■ **Records**
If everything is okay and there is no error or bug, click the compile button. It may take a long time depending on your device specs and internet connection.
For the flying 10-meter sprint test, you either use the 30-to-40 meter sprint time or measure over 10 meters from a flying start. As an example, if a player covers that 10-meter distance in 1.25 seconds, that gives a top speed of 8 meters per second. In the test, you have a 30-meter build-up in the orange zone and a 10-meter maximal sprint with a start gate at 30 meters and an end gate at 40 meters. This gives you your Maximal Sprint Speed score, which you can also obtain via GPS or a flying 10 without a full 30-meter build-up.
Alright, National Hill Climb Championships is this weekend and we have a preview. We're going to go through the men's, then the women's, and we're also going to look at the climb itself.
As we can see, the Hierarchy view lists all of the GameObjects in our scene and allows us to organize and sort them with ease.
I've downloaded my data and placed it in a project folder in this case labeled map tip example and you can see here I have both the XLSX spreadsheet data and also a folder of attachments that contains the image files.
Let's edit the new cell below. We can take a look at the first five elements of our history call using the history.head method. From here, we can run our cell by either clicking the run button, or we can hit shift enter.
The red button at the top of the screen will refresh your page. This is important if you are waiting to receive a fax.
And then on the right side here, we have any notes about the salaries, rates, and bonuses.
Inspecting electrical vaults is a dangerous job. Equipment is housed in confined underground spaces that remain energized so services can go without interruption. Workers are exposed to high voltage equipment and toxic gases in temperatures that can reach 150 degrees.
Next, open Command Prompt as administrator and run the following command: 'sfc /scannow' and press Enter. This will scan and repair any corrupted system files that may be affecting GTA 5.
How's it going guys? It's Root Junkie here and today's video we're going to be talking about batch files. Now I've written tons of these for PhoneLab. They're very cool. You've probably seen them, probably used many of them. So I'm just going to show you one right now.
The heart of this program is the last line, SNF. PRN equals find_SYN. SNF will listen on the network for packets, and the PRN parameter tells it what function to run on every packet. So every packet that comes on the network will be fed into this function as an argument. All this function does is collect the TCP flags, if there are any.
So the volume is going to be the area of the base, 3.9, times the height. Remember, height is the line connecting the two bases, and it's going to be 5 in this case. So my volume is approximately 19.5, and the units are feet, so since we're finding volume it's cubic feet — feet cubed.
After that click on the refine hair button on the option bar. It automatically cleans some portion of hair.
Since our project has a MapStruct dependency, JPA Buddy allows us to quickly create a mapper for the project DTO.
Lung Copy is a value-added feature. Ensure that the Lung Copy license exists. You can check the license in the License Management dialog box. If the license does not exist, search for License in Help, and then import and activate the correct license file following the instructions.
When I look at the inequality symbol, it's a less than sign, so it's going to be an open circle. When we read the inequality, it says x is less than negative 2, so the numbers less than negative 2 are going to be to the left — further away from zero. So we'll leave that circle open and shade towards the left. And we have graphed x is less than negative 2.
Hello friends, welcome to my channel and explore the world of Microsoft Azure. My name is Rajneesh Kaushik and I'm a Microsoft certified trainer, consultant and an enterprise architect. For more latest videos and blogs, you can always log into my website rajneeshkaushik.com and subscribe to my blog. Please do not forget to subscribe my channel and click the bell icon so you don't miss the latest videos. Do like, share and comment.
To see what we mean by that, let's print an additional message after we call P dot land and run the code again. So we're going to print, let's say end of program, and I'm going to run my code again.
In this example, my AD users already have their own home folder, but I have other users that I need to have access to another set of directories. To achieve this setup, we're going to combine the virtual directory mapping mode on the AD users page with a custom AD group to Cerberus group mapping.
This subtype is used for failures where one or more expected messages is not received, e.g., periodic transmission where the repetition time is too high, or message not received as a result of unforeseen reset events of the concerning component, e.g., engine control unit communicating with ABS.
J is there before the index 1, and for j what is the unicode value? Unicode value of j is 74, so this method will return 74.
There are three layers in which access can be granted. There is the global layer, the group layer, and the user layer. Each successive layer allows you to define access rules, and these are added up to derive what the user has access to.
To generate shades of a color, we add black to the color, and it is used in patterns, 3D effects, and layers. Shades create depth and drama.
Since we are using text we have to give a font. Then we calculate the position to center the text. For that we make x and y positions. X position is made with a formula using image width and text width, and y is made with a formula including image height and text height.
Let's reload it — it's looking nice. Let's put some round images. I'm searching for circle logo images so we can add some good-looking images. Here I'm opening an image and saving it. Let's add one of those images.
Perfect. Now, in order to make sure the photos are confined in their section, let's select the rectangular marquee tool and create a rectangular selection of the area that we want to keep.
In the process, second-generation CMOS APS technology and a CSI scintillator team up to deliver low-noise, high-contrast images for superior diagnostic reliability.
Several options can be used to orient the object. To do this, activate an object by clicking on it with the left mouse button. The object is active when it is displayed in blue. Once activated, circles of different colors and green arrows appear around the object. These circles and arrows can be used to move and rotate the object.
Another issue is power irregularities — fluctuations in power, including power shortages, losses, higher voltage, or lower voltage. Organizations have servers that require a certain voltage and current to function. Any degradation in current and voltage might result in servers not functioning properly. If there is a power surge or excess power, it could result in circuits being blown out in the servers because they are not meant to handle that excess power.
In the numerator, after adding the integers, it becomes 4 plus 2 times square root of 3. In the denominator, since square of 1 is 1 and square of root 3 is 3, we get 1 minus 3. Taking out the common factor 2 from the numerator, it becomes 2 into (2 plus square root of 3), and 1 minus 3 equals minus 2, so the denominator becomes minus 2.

■ **What this task involves**
Every line above from the line with "The red button" to the line with "Next, open Command", both included, must be reproduced exactly, and no other line may appear.

■ **Solution for this exercise**
The red button at the top of the screen will refresh your page. This is important if you are waiting to receive a fax.
And then on the right side here, we have any notes about the salaries, rates, and bonuses.
Inspecting electrical vaults is a dangerous job. Equipment is housed in confined underground spaces that remain energized so services can go without interruption. Workers are exposed to high voltage equipment and toxic gases in temperatures that can reach 150 degrees.
Next, open Command Prompt as administrator and run the following command: 'sfc /scannow' and press Enter. This will scan and repair any corrupted system files that may be affecting GTA 5.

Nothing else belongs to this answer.